▸ **Data extract**:
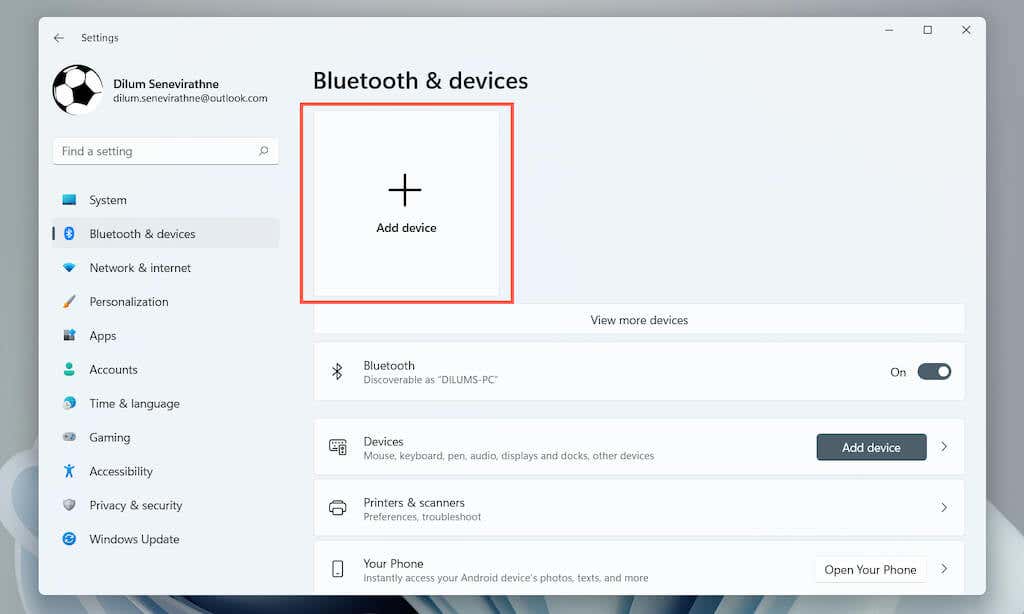 14-Add-Device - Bộ phận trợ giúp Geek Cách khắc phục hiện tượng lag chuột Bluetooth trong Windows 11 hình 15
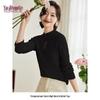 YUZHAOLIN Women's Thin Knitted Half-High Collar Top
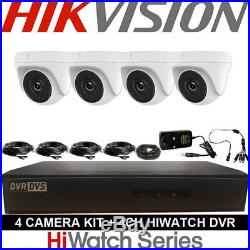 HIWATCH CCTV HD 1080P 2MP Night Vision Outdoor DVR Home Security System Kit 2TB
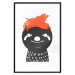 Wall Poster Crazy Sloth - funny gray animal with orange hair 122910 additionalThumb 15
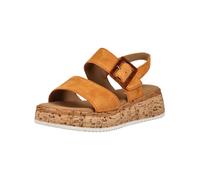 Plateausandaletten GABOR COMFORT "Gabor Comfort Sandalen Leder", Damen, Gr. 38, braun, Leder, Schuhe (75971626-38) braun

▸ **Description of the task**: Beginning with the line that contains "HIWATCH CCTV HD" and ending with the final line of the material, reproduce those lines exactly and nothing else. Omit the pictures.

▸ **Response box**:
 HIWATCH CCTV HD 1080P 2MP Night Vision Outdoor DVR Home Security System Kit 2TB
 Wall Poster Crazy Sloth - funny gray animal with orange hair 122910 additionalThumb 15
 Plateausandaletten GABOR COMFORT "Gabor Comfort Sandalen Leder", Damen, Gr. 38, braun, Leder, Schuhe (75971626-38) braun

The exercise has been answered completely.